Ada banyak filosof muslim yang memberikan penjelasan tentang gerak, Al-Farabi misalnya, seorang filosof Muslim yang memiliki julukan guru kedua setelah Aristoteles. Menurutnya, gerak adalah proses menuju kebaikan dan kesempurnaan yang ditujukan oleh jiwa menuju Allah, gerakan ke arah kesempurnaan” (al-harakah ila al-kamal). Sejalan dengan Al-Farabi, adalah Mulla Sadra, seorang filsuf Muslim abad ke-17, dengan pemikiran ontologisnya yang dia sebut dengan Filsafat Transenden (Hikmah al-Muta’aliyah). Dalam pemikirannya, gerak dipahami sebagai perubahan dan transformasi yang terjadi dalam realitas yang terus bergerak menuju pencapaian eksistensi yang lebih tinggi atau “hakikat al-wujud“. Baik Al-Farabi maupun Mulla Sadra lebih menekankan konsep gerak pada pencapaian tujuannya yang dalam istilah Al-Farabi dikenal dengan ittishol, ketersambungan dengan Allah SWT.
Kemudian, tidak ketinggalan Abu Hamid Al-Ghazali atau yang lebih dikenal dengan Imam Ghazali dalam tradisi pesantren, seorang cendekiawan besar dalam tradisi Islam dengan gelar Hujjatul Islam, mengajukan konsep gerak dalam kerangka pemikiran teologi dan filsafat. Bagi Al-Ghazali, gerak adalah manifestasi dari kehendak Allah yang terus menerus memberikan keberadaan kepada segala sesuatu dalam alam semesta.
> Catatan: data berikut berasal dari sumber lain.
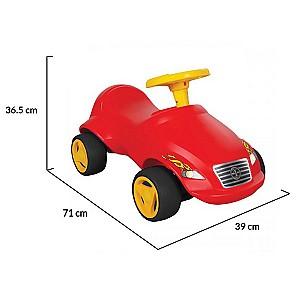 Tolocar Pilsan Fast Car 07820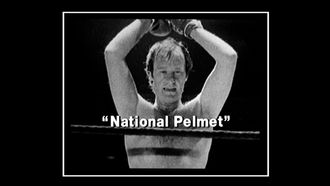 Episode 1 National Pelmet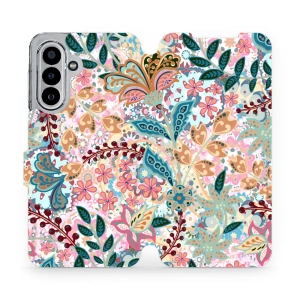 Etui do Samsung Galaxy A17 5G - wzór MX04S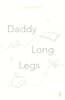 Daddy long legs  키다리 아저씨 (영어 원서)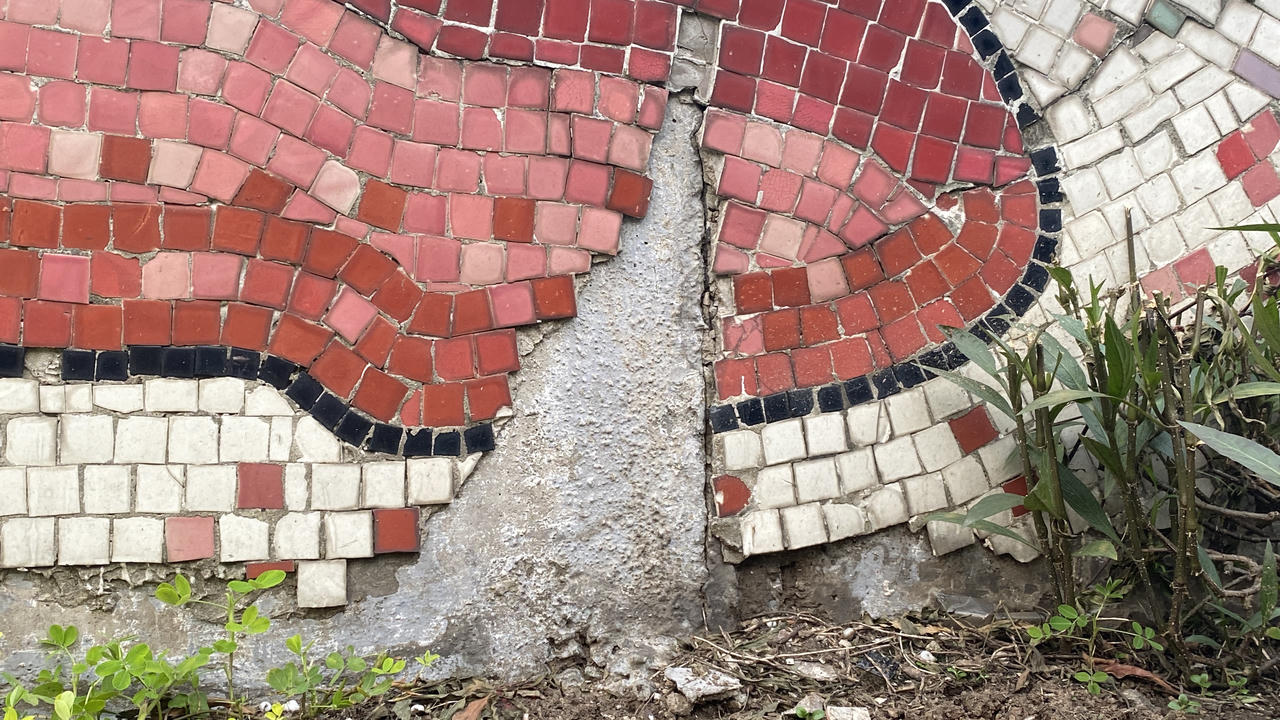  Hà Nội: Con đường gốm sứ xuống cấp nghiêm trọng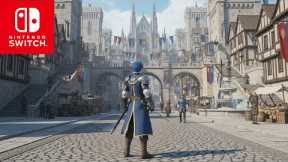 TOP 20 BEST Nintendo Switch Games You Must Play Once in Your Lifetime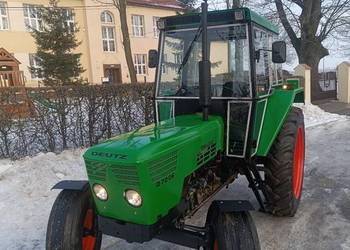 Deutz D7206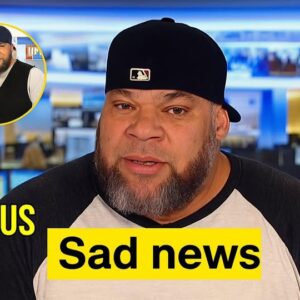 Tyrus shares Emotional story Tyrus shares Emotional story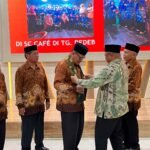 Gamalis: Pensiunan PNS Masih Bisa Sumbang Pemikiran untuk Berau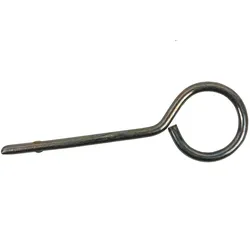KS Tools Spiralen-Sicherheitstrennschlüssel - 900.2100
Bagi Al-Ghazali, gerak tidak bisa dilepaskan dari campur tangan Allah agar manusia lebih memahami arti keberadaannya (eksistensi).
Dari tiga definisi diatas, terlihat bahwa gerak manusia dari sisi teologisnya tidak bisa dilepaskan dari kehendak Allah SWT sebagai pemberi dan pengatur. Oleh karenanya, semua gerak yang dilakukan akan mencapai kesempurnaan (kamal), bila tetap terhubung dengan esensi yang lebih tinggi, wujud al-‘aliyah.
Sedangkan bathin diartikan dengan yang tersembunyi, sesuatu yang terdapat di dalam hati; sesuatu yang menyangkut jiwa (perasaan hati dan sebagainya). Prof. Dr. KH. Said Aqil Siraj, Mantan Ketua Umum PBNU, dalam kuliah tasawufnya menjelaskan bathin manusia memiliki 7 (tujuh) lapisan. Pertama Bashirah; merupakan lapisan terluar batin manusia. Bashirah adalah mata hati untuk memandang sebuah persoalan. Kedua dlomir; kehendak moral yang terbentuk di bawah kendali hati. Ketiga fu’ad; pertimbangan hati yang menjatuhkan vonis bagi tindakan manusia. Keempat zauq; merupakan intuisi perasaan manusia. Kelima Asror; kemampuan melakukan prediksi gaib secara tepat. Ke-enam Riyadloh; penempaan dan penggemblengan batin untuk tetap fokus pada Allah. Dan ketujuh lathifah; kelembutan hati dalam memandang kenyataan apa pun. Lapisan lathifah berimplikasi pada mahabbah, cinta yang tinggi sebagaimana yang ditampakkan oleh Sayyidah Rabi’ah Al-Adawiyah dalam perilaku tasawufnya, semua karena cinta.
Melihat dari sisi filosofis dan teologis makna gerak batin, tentu para mu’assis Pondok Banyuputih berkeinginan untuk menanamkan kebiasaan agar para santri Pondok Banyuputih, harus terus melapisi semua kegiatan lahiriahnya semata-mata karena Allah dan bertujuan mengharap keridloan Allah SWT, lillah wa ilallah. Disiplin sekolah, tidak pernah terlambat, tidak pernah absen, kewajiban kepesantrenan dilaksanakan sesuai ketentuan, semuanya akan mencapai kesempurnaan (kamal), bila dilakukan atas dasar lillah wa ilallah. Bukankah hal demikian memang sejalan dengan perintah dan anjuran Islam?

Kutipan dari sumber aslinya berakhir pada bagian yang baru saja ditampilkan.